Age 20 or so is a transitional time for a hockey player.  Depending on your birth date and your development curve, you might be a junior, a professional men’s player, a member of a men’s national team or the junior team, or sometimes a strange combination of all of those things.

For professional players at high levels, stepping back to junior hockey is easier, usually, than stepping up to the national men’s team.

Carl Grundström

Grundström stepped out first to Germany, where he and Frölunda played Eisbären Berlin in the first of their round of 16 matches. This round is a two-game home-and-home series, where if the teams split the wins in regulation, point differential determines the winner.

Frölunda took the opener 6-1, so they’re in very good shape heading into Tuesday’s return game.  Grundström played in the match, had four shots on goal and no points.  Some days, it just goes like that.

He returned to Gothenburg with his team, but he got to work, while most of the rest had time off.  He suited up for the Swedish junior team in the Four Nations Cup, and he had quite a time.

Sweden went undefeated in the tournament, beating the Czech Republic and Finland in overtime, and thumping Russia 6-3 on the last day to take the tournament win.  Grundström had two goals and one assist in that game.

He scored five goals and had two assists in the three games or the tournament, including the game winner in overtime against the Czechs. His linemates each had seven points as well, but he was the one scoring the goals.  Expect to see those three reunited for the WJC in a few weeks.

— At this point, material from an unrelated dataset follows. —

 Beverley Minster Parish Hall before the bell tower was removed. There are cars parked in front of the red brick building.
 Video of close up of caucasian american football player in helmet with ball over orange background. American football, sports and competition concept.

Grundström’s linemates, Lias Andersson (ranked #12 by Future Considerations) and Elias Pettersson (ranked #14) are draft eligible for 2017, so they are very worth keeping our eyes on.  Grundström turns 19 on December 1 this year.

Allsvenskan

Jesper Lindgren

Lindgren played in the Four Nations Cup as well, drawing into the first two games, but not the third against Russia.  He had no points in the event.

Pierre Engvall

Engvall played only one game this week since his multi-point game last Sunday. It was a 2-1 overtime win, and Engvall went pointless.

Engvall still sits in seventh in points in the league.  The aforementioned Pettersson is second, and is of course, only 17 to Engvall’s 20.

Vladimir Bobylyov

Bobylyov had been on the long list for the Four Nations Cup, but he didn’t play.  His KHL team was on a break, so he had the week off.

Yegor Korshkov

Korshkov was on the Russian men’s national team at the Karjala Cup in Finland this weekend.  He played fourth line minutes and was intermittently his usual offensively exciting self. He failed to register a point in his three games, but Russia swept the tournament with three wins, so his first foray into senior team play went well enough.  Stepping up when you’ve just turned 20 is a lot harder than stepping back out of pro hockey to junior.

Nikolai Chebykin

Chebykin was on the Russian roster at the Four Nations Cup in Sweden. He played all three games on the fourth line, and didn’t get any points. The Russians did not score well in this tournament, but he is clearly not at the level of players like Korshkov linemate Alexander Polunin, one of the stars of the team.

Chebykin was on the long list for the CIBC CHL Canada-Russia series but hasn’t made the cut.